Even if you’ve never been a fan of the peculiarly schmaltzy genre that is the Christmas film, this is 2022—meaning that, after almost three years of uncertainty, existential dread, and political chaos, watching one of the best Christmas movies of all time while downing a vat of mulled wine might just be the best way to get into the festive spirit. Of course, you should start with the real classics, like the ’50s Hollywood adaptation of A Christmas Carol as well as It’s a Wonderful Life—but there are also a number of more contemporary releases to work your way through, from the Kristen Stewart-led charmer Happiest Season to Emilia Clarke’s rom-com with a twist, Last Christmas.
Below, 23 of the best Christmas movies to bingse watch now.

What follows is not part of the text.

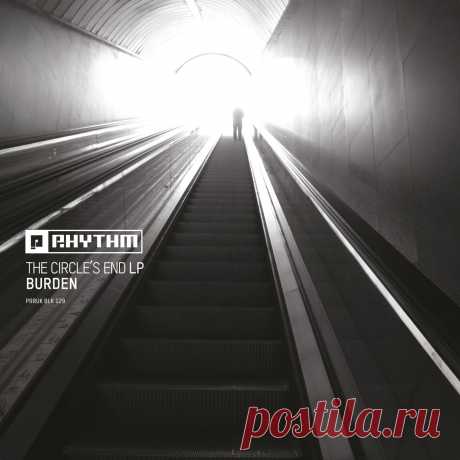 Burden - The Circle's End LP PRRUKBLK129 » MinimalFreaks.co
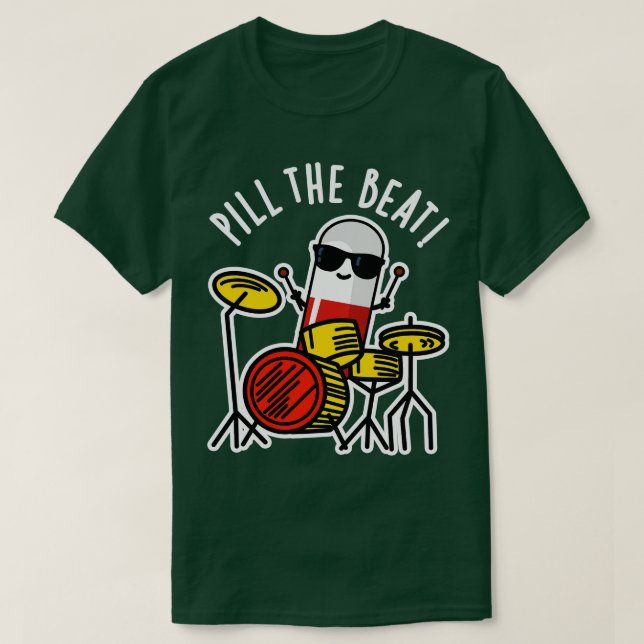 Camiseta Pill The Beat Cute Medicine Music Pun (Diseño del anverso)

Photo: Courtesy Everett Collection1/23While You Were Sleeping
A pitch-perfect ’90s rom-com, While You Were Sleeping begins when lonely Chicago Transit Authority worker Lucy (Sandra Bullock) saves handsome commuter Peter (Peter Gallagher) from being crushed by the L train on Christmas day. In the almost Shakespearean confusion that follows, the now-comatose Peter’s family assumes that Lucy is his fiancé—a mistake she fails to correct—until she ends up spending more and more time with Peter’s equally charming brother Jack (Bill Pullman), and things get even more complicated.
Photo: Courtesy Everett Collection2/23Tangerine
Famously shot by Sean Baker on his iPhone 5, Tangerine centers on friends Alexandra (Mya Taylor) and Sin-Dee (Kitana Kiki Rodriguez), a pair of trans sex workers who spend Christmas Eve on a quest to find Sin-Dee’s pimp-slash-boyfriend Chester (James Ransone), who’s been sleeping with a cis girl while Sin-Dee has been in prison. This is not your average depiction of the “night before Christmas,” but God it’s an excellent film—and one that turns out to be surprisingly heartwarming.
Photo: Courtesy Everett Collection3/23Bad Santa
If you tend to find the schmaltziness of Christmas obnoxious, prepare to fall for Billy Bob Thornton as a booze-soaked mall worker who uses his gig as Santa Claus to cover up his petty thefts. When he meets a desperately awkward (and Christmas-obsessed) boy named Thurman Merman, though, he ends up taking him under his wing, teaching him to stick up for himself with a little help from his girlfriend (played by Gilmore Girls’s Lauren Graham) and sidekick (Tony Cox). It’s still a feel-good movie, but with enough dark humour to keep cynics happy.
Photo: Courtesy Everett Collection4/23The Family Stone
The Family Stone might be the most middle-class Christmas film ever made—but it’s still a joy to watch. The simple premise: Anally retentive Meredith (Sarah Jessica Parker) heads to her boyfriend Everett’s (Dermot Mulroney) family home in Connecticut for the weekend, where his relatives take against her in a serious way—particularly his mother Sybil (Diane Keaton) and sister Amy (Rachel McAdams). Meredith’s questionable response? Calling in her own sibling Julie (Claire Danes) for back-up, only for Julie to catch Everett’s eye—and Meredith to drunkenly fall into the arms of Everett’s brother (Luke Wilson). Special mention to Meredith’s ill-fated Christmas dish, The Egg Strata.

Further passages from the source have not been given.